From: bryan_thx <bethexton_at_-gjncRsFJ_Vke_NzTEDefHfcofDH8waK0JSrxtur9-7TyEc6BoqvvL-ZuNOb4p4-bm>
Date: Thu, 16 Feb 2012 21:21:23 -0000


Taking Jeff's comments into account (that westerners probably got the five season calendar from the Theyalans), then I can imagine a sequence something like:

Westerners had a mix of very week calendars (based on the agricultural cycle, for example), and a heritage of 'glasses' of time. The problem with the latter being that a glass doesn't correspond to a modern day (or divisor/multiple of it), and the different groups that claim to have tracked time this way don't agree on the current count of glasses.

The god learners find the entirely useful and functional calendar that is in use wherever lightbringer influence is known. It probably varies some from place to place, with local gods/spirits having some of the day or week names, but the spirit of it is the same.

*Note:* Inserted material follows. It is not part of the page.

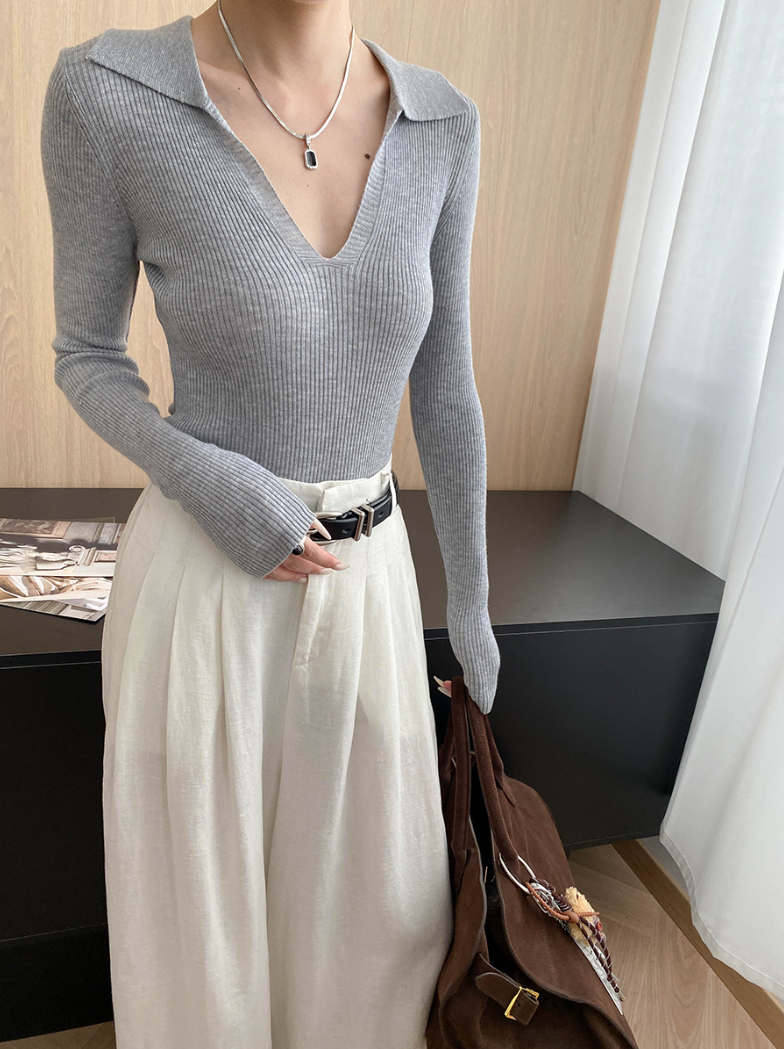 Vネックカラーニットトップス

The god learners take this useful calendar, but make it more generic (take out the names of pagan gods and spirits, use only general runes). This is the basic calendar as we players are familiar with it.

This version re-spreads through Theyalan lands, as it makes communication that much easier. Many peoples still use local names for days, weeks, or seasons, but all are at least familiar with the generic version of the names.

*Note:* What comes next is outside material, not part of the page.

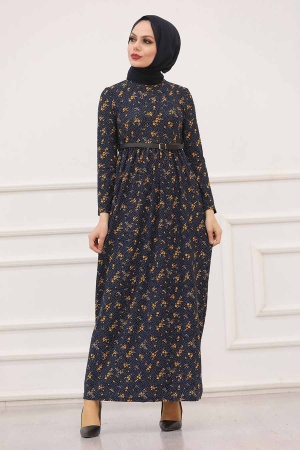 Neva Style - Desenli Lacivert Tesettür Elbise 163905L - 1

This 'new' calendar also gets spread by the god learners in western lands. However it is spread more by merchants and sages than the god learners themselves, and goes by some name that does not overly identify it with the god learners, so it doesn't disappear after their downfall.

After the god learners disapear, in the west the calendar starts getting 'localized' in many places. People layer on their own associations and names, as well as splicing in names derived from their indigenous calendars. But nobody messes with the actual cycle of weeks and seasons, because it actually works.

Meanwhile, older schools and churches who still track 'glasses' of time may have holy occasions which float around the theyalan calendar, so you have days that move around the way that Easter does on the Christian calendar. And becuase those groups disagree on the count of glasses (and maybe even on exactly how long they are), they disagree on when those holy occasions are, and call each other ignorant heretics for it, of course.

Younger movements make even more effort to 'own' the calendar, assigning their own meanings to all parts of it, to help reinforce the universality of their message (so the Loksalmi do more with it than do the Rokari, etc)


Which does lead me to one question: During the ban, did each isolated region experience the same passage of time? Coming out, do they all agree on the day, year, etc?